§ **TASK STATEMENT**
At the line containing "All Aloha | Oversized wahine tee - navy", begin an exact copy, and continue through the last line of the entries below. Leave out any pictures.

§ **EXERCISE MATERIAL**
-=-=-=-=-

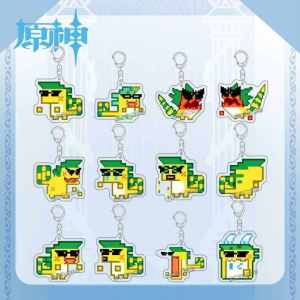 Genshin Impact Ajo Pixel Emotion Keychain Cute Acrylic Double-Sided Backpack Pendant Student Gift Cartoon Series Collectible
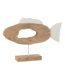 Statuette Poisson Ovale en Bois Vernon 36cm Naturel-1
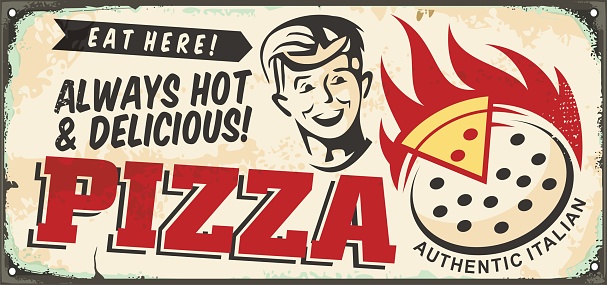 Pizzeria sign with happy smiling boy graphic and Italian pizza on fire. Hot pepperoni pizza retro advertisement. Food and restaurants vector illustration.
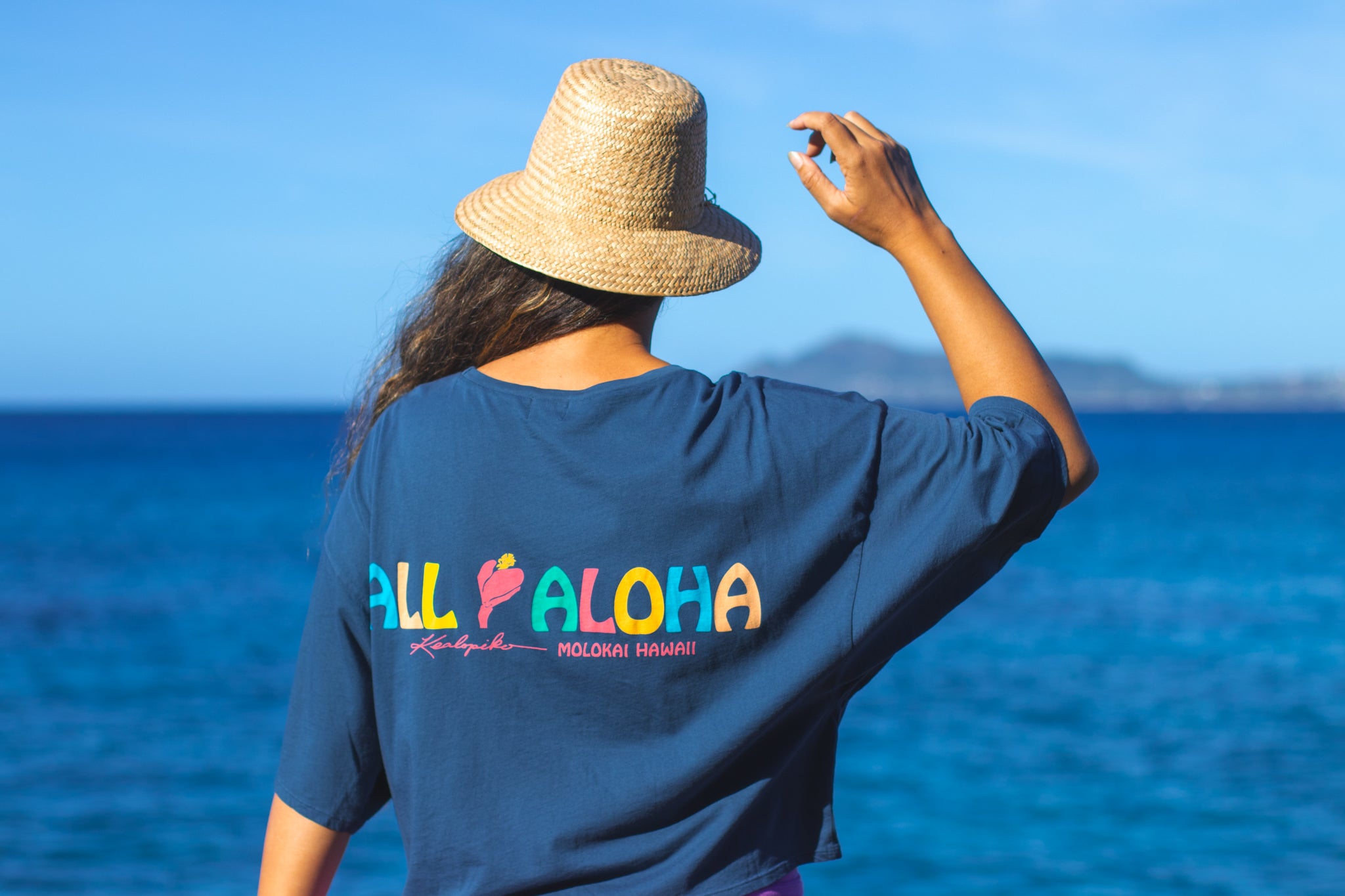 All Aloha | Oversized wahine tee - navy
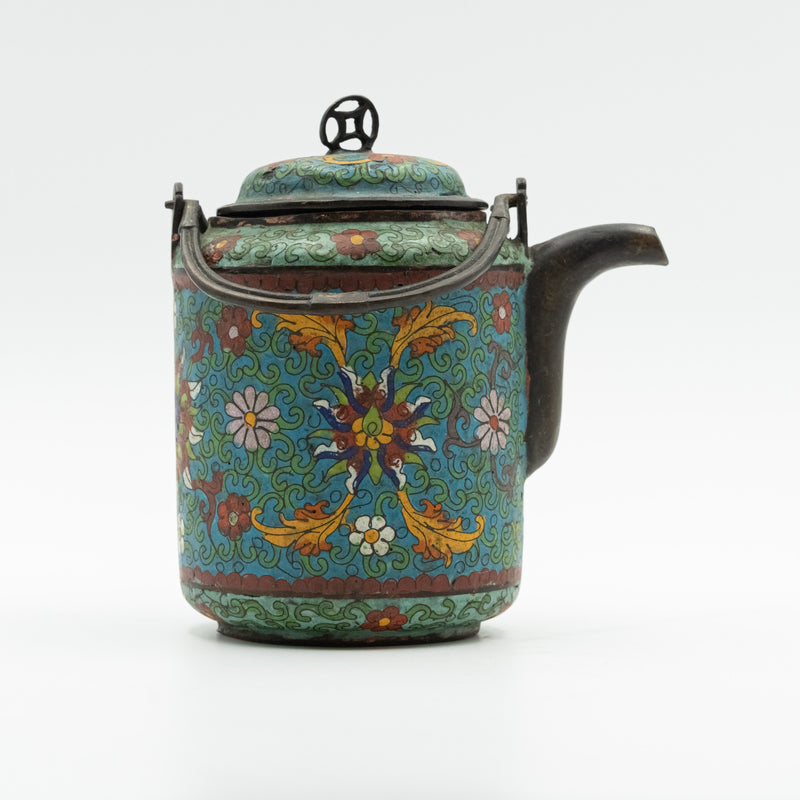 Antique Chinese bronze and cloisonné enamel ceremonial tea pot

-=-=-=-=-

§ **RESPONSE AREA**
 All Aloha | Oversized wahine tee - navy
 Antique Chinese bronze and cloisonné enamel ceremonial tea pot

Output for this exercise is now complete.